## Work required
Copy all lines below exactly as written. Leave pictures out.

## Data provided
======

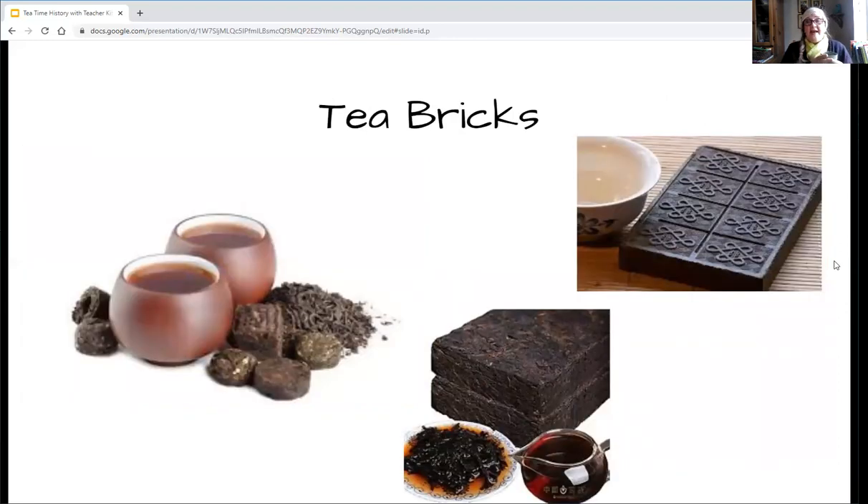Another thing they used to do a long time ago was make tea bricks — it was a way to preserve the tea leaves for an even longer period of time. They're like little squares and you would just break them off, kind of like chocolate. They used to put them on a little plate — they didn't have cups. The plate had just a little bit of a lip on it and they would add a little bit of hot water. It stays open so the tea cools off a bit, and you can drink it just like a little bowl, but not as deep.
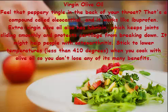Virgin olive oil: feel that peppery tingle in the back of your throat? That's a compound called oleocanthal, and it works like ibuprofen. Extra virgin olive oil also has lubricin, which keeps joints sliding smoothly and protects cartilage from breaking down. It might help people with osteoarthritis. Stick to lower temperatures — less than 410 degrees — when cooking with olive oil so you don't lose any of its many benefits.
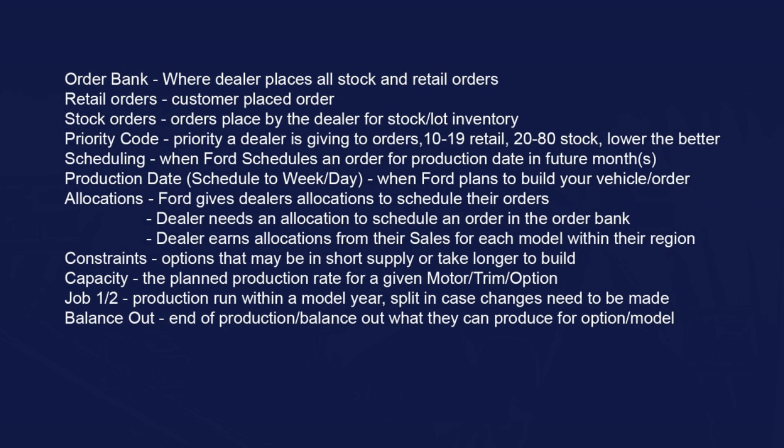Halfway through the year they'll switch to job two if they need to make changes to packages or anything like that. That's where those changes are made to the order guide, making it a little easier for ordering and production. 'Balance out' is when a particular option or model is getting to the end of production.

======

## Answer for this exercise
Another thing they used to do a long time ago was make tea bricks — it was a way to preserve the tea leaves for an even longer period of time. They're like little squares and you would just break them off, kind of like chocolate. They used to put them on a little plate — they didn't have cups. The plate had just a little bit of a lip on it and they would add a little bit of hot water. It stays open so the tea cools off a bit, and you can drink it just like a little bowl, but not as deep.
Virgin olive oil: feel that peppery tingle in the back of your throat? That's a compound called oleocanthal, and it works like ibuprofen. Extra virgin olive oil also has lubricin, which keeps joints sliding smoothly and protects cartilage from breaking down. It might help people with osteoarthritis. Stick to lower temperatures — less than 410 degrees — when cooking with olive oil so you don't lose any of its many benefits.
Halfway through the year they'll switch to job two if they need to make changes to packages or anything like that. That's where those changes are made to the order guide, making it a little easier for ordering and production. 'Balance out' is when a particular option or model is getting to the end of production.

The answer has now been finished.